Information shown ::
################
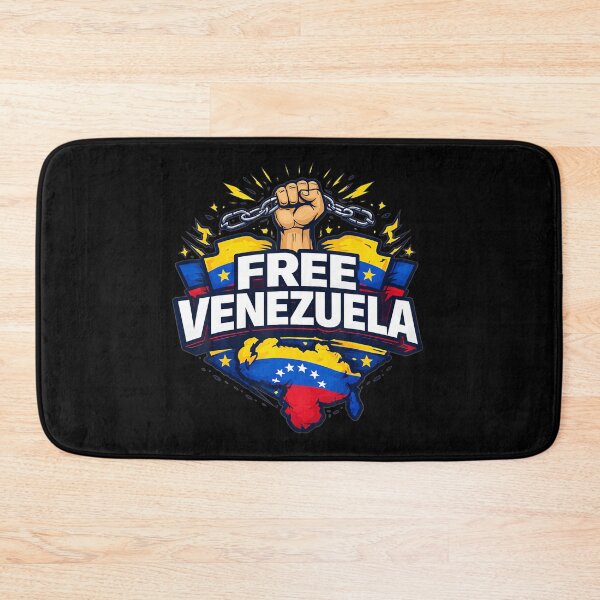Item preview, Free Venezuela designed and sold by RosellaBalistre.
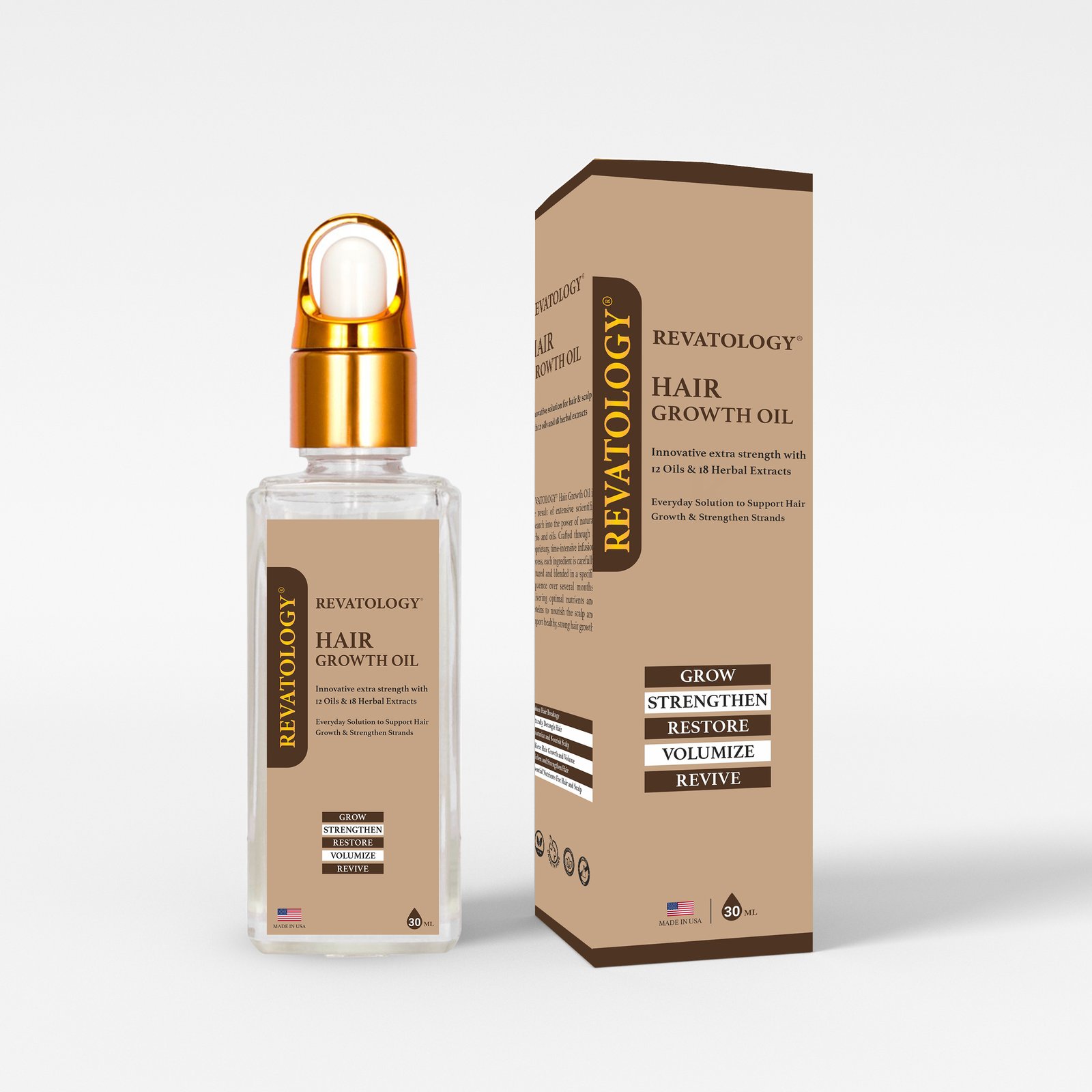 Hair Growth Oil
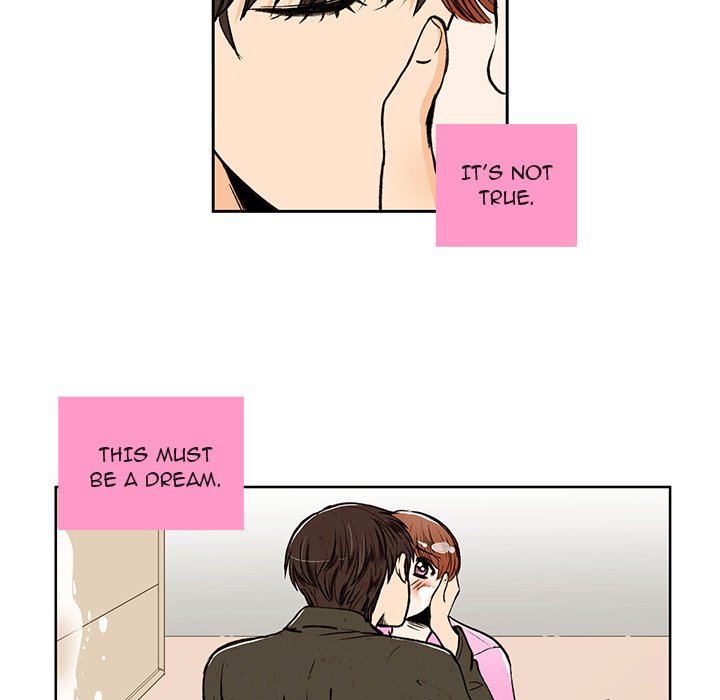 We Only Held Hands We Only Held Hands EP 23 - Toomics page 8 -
################
Task statement ::
Beginning with the line containing "Hair Growth Oil" and ending with the last line of the material, output each line exactly; do not include pictures.

Result for this exercise ::
 Hair Growth Oil
 We Only Held Hands We Only Held Hands EP 23 - Toomics page 8 -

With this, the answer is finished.